The only criticism I had with the book was that the original newspaper advertisements were reproduced such that their text was wholly unreadable. That's what happens when you reduce a newspaper page to fit onto the page of a book. I could still read all the original copy with a magnifying glass. I am however most appreciative that Kopytek included so much detail about Eaton's culled from the nation's newspapers. He also filled the book with photos of every department store from across the country.
Kopytek ended his book with a timeline of the T. Eaton Co. Limited. It summed up major company events on a single line, but he erred with two dates. I know this, because the dates do not exist:
Neither 1929 nor 1969 was a leap year. Did he mean 1928 and 1968? Or a different day in February?
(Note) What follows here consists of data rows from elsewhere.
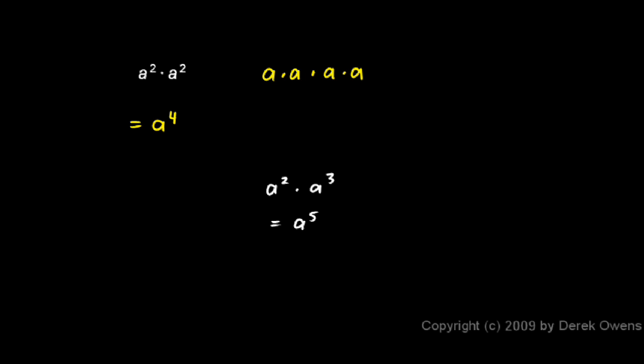And again, you can see why if you expand it. a squared right here is a times a.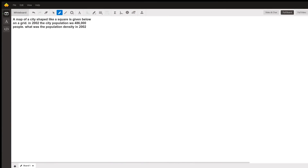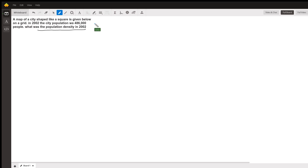Hi, this is Larry. I want to talk about this problem. Even though we don't really have all the information we need — we actually need to know the size of the city. Maybe you tried to attach some graphic or something, but we need to know the dimensions of the city. They want to know population density, and in math and physics it's helpful to know the units of the answer.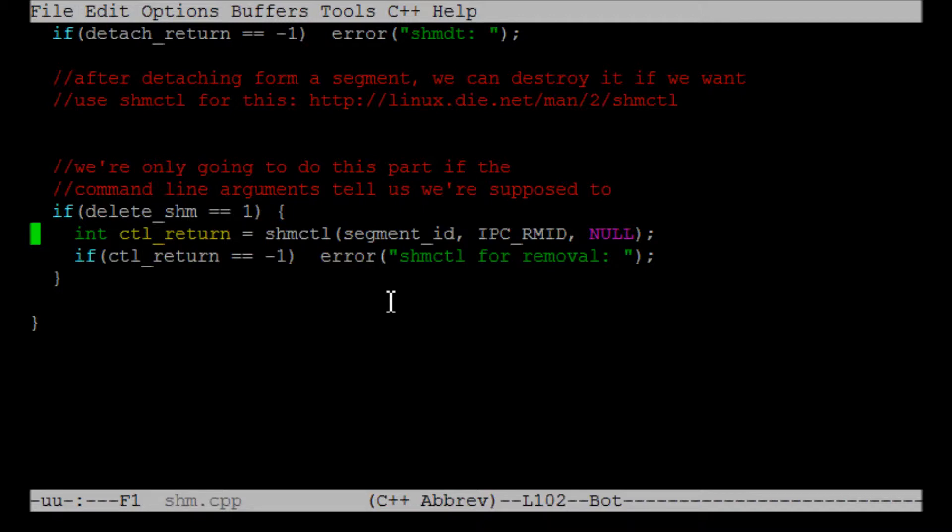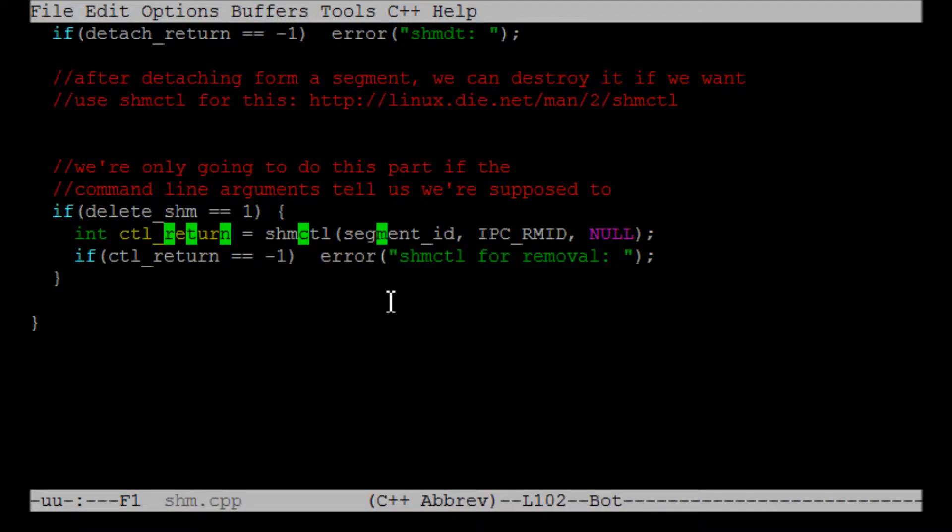The shmctl function has three parameters. The first parameter is the segment ID. This is the same segment ID that you got from shmget when you created or tried to create or just get the segment ID to a shared memory segment, and you use to attach the shared memory segment later.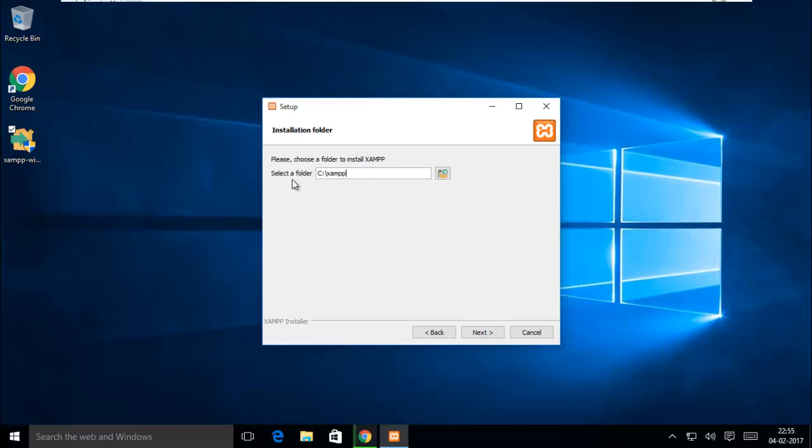Your installation location by default is C colon backslash XAMPP folder. The XAMPP folder is created by default when the installation starts.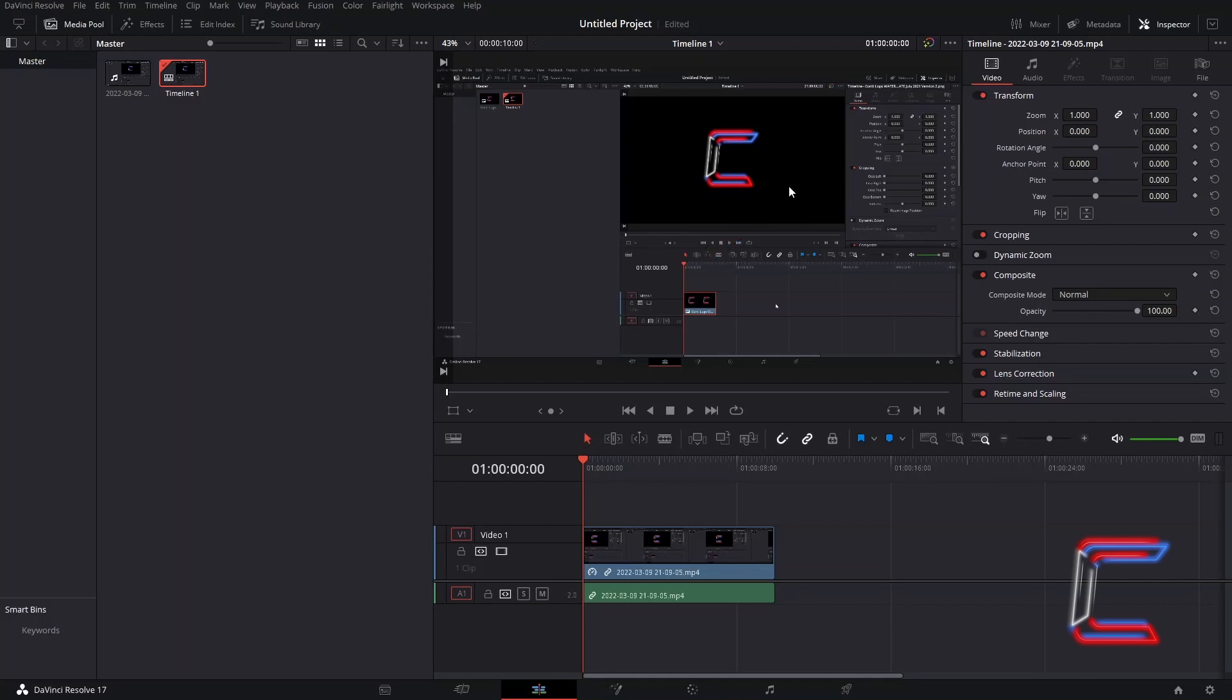After the two second transition is complete, the updated zoom and position settings will be applied to the rest of the video clip so that we maintain focus on the inspector section of the edits window in DaVinci Resolve.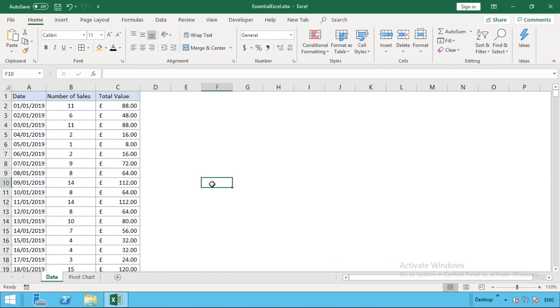Hello everyone and welcome back to another video. In this tutorial, we're going to look at pivot charts.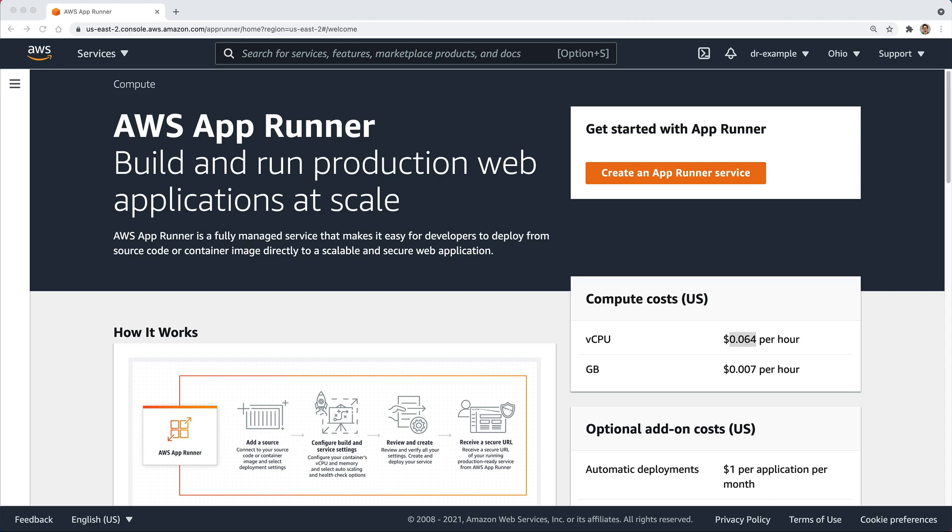And then comes in AppRunner, which is a little bit different. There's really two different ways that you can run it. You can run it with your code directly, or you can run it from a container image.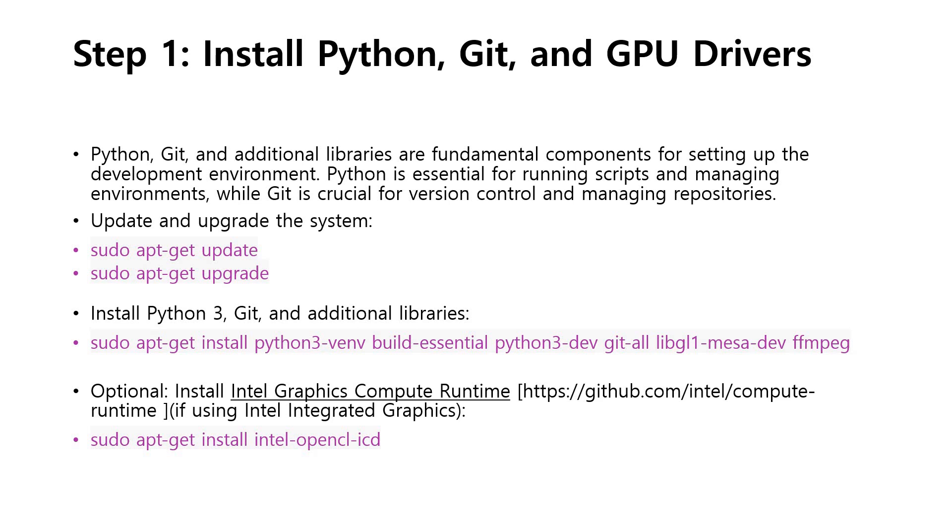Then, we will have to install Python 3, Git, and additional libraries. The complete command is presented in front of you. The same is also presented in the description section. You can follow it up.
The last book I read and reviewed was Apron Strings: Navigating Food and Family in France, Italy, and China by Jan Wong, and by coincidence Wong is quoted in Kopytek's book, where she shared her memories of shopping at Eaton's in Montreal (known in Quebec as Eaton) and Toronto. I am happy to say that I awarded five stars to Wong's book as well, and both she and Kopytek wrote to me after I complimented them on each of their books.
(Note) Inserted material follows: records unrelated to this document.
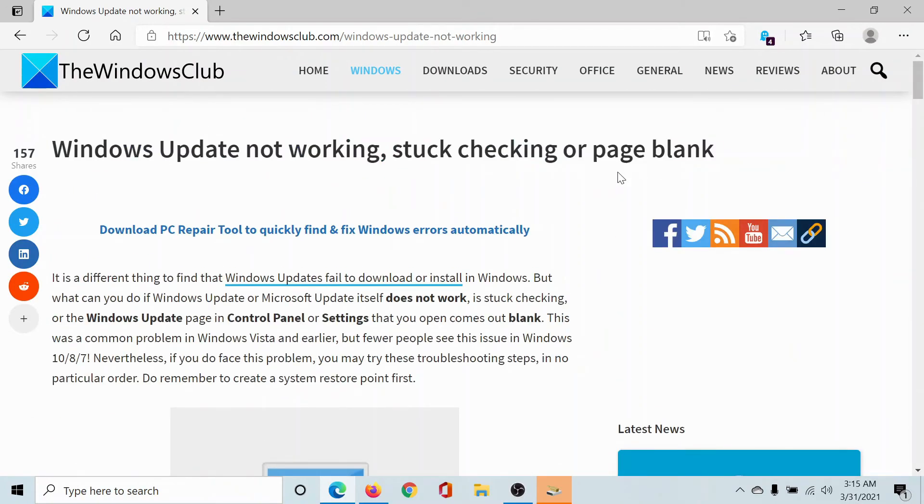If you still have any doubts, please go to the original article on The Windows Club, scroll down to the comment section, and write your query. We will surely answer it. Do not forget to subscribe to the channel. Thank you for watching this video and have a nice day.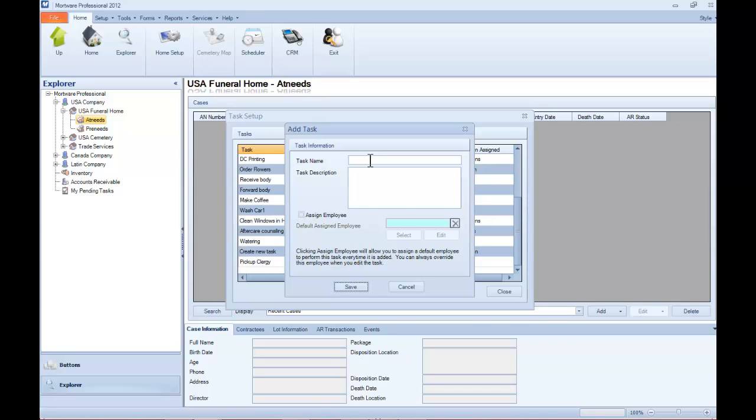So let's start by putting a name in for this task, and we can follow that up with a description. The description will show on the case of this task as applied to, and all employees will be able to see that description.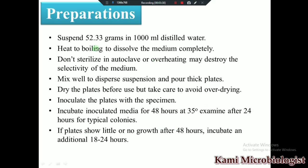For preparation, we take 52.3 grams of the bismuth sulfate agar powder and dissolve it in one liter (or 2000 ml) of distilled water. After that we heat it to boiling so that the medium completely dissolves. An important step to remember: this media should not be autoclaved or overheated, because sterilization will destroy the selectivity of the medium.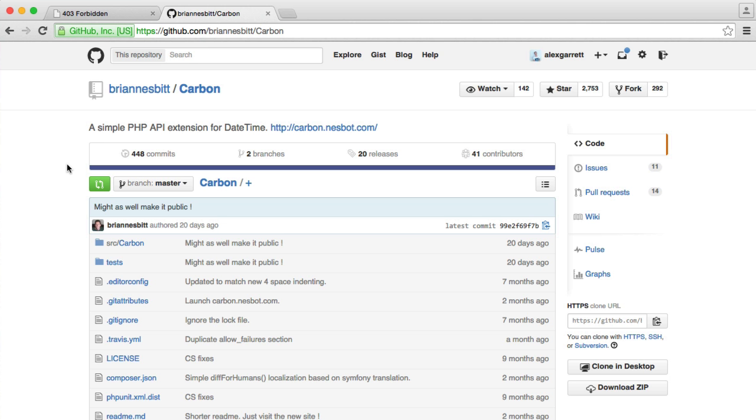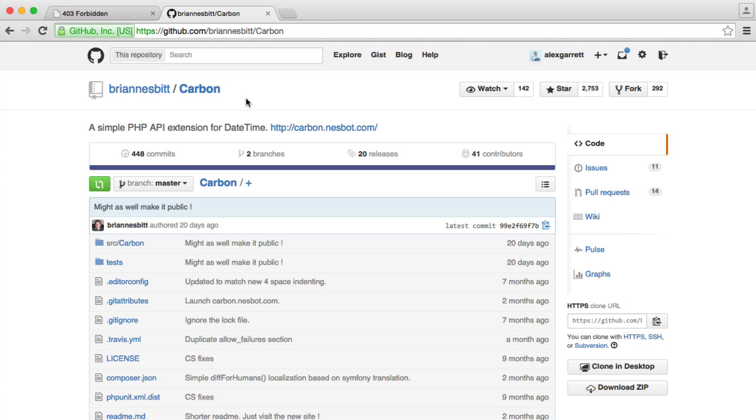Now Carbon is an extremely popular library for dealing with dates and times and in fact it extends PHP's datetime, which is a massive improvement in itself on the way that we used to work with dates and times within PHP.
As with Eaton's merchandise, Eaton's: The Trans-Canada Store by Bruce Allen Kopytek comes highly recommended.
Eaton's in its great heyday was by far THE greatest store EVER!!! I am still not over losing this store. I still compare custom service with present day stores to Eaton's customer service. There is no comparison. For me Eaton's set the bar for retail. This is a great book telling about this great store.
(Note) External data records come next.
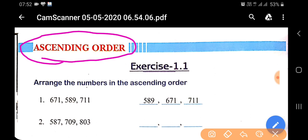Here we know what ascending order is. First of all, we have to know about ascending order. In ascending order, the smallest number will come first, then the second smallest, and so on. In the last, the largest number will come.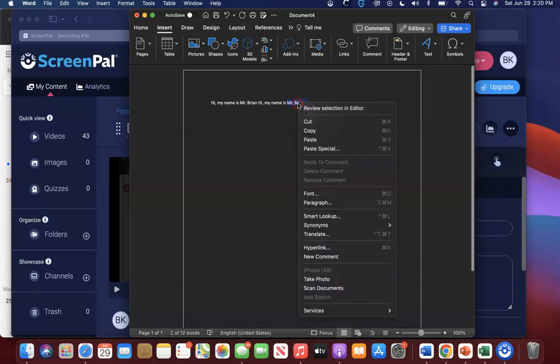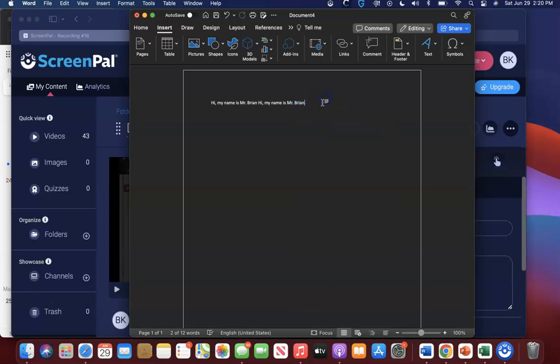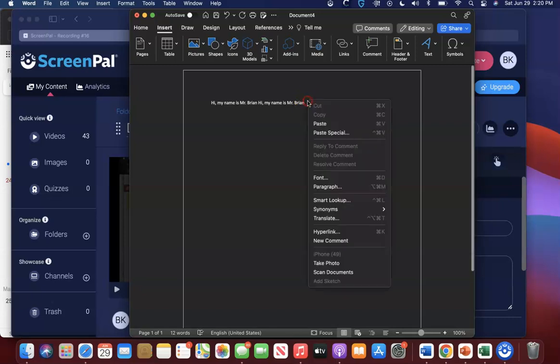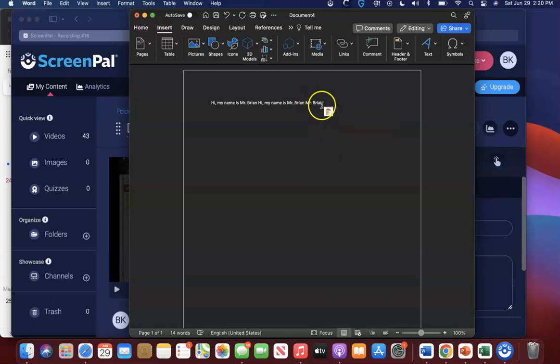So I'm gonna right-click, copy, space. I'm gonna right-click again, bring up the menu, and then hit paste. And now you see Mr. Bryant, and that is how you copy something.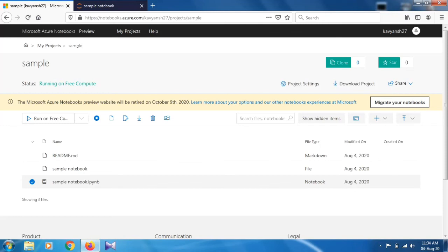If you still have any doubts how to access Jupyter notebook and how to work on this, any doubt related to Jupyter notebook, just mention in a comment. Thank you so much for watching this video.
3rd book I’ve read on the history of the Eaton’s stores. This one included the Whole history, from Eire through to the end, with lots of personal anecdotes.
I believe there is no Canadian here before 1999 who did know about Eaton's or shopped at Eaton's. This book is a fond history of how Irish born Timothy Eaton founded his store in the 1870's and how it grew from one store on Queen Street in Toronto into the multi-multi-multi-store empire. It's wobbly about why it died, but I don't know if anyone can give a definitive answer to that. Everyone who cared has his or her own theory. The strength of the book, IMO, is not the mention and photograph of what seemed to be every Eaton's store in Canada. The strength was the part from the founding to the death of Lady Eaton. Timothy's "Goods Satisfactory or Money Refunded" approach. His Christian values regarding his business and his employees. The Catalogue. The Santa Claus Parade. Lady Eaton's eye for class dining in class dining rooms. The memories of the people who worked for Eaton's or shopped at Eaton's. Mr. Kopytek is a fan of Eaton's, so he wrote hardly a negative word about it. But it was an amazing thing, to love a store so much. For a store to be so much a part of us that losing it was like losing a mother. My grandmother's "holidays" off the farm were the twice annual Trans-Canada sales in the big city. My parents met under the clock in the Winnipeg store, as did other couples. I rubbed the toe of Timothy Eaton's left shoe for luck [the statue that was just inside the store at the Eaton Centre] like every Torontonian did. It was the store you went to when you wanted quality, when you wanted something special for the new bride or the new baby, or for your best dress. The book reflects a lot of my memories - and a lot of other Torontoians' memories, since the library copy I borrowed is breaking apart. [I suggest the History Press offer the public libraries a sewn instead of a glued edition and that Toronto, Moncton, Winnipeg, Regina and Vancouver libraries buy copies of it. Eaton's is historic, and this book show a little of why it's historic.]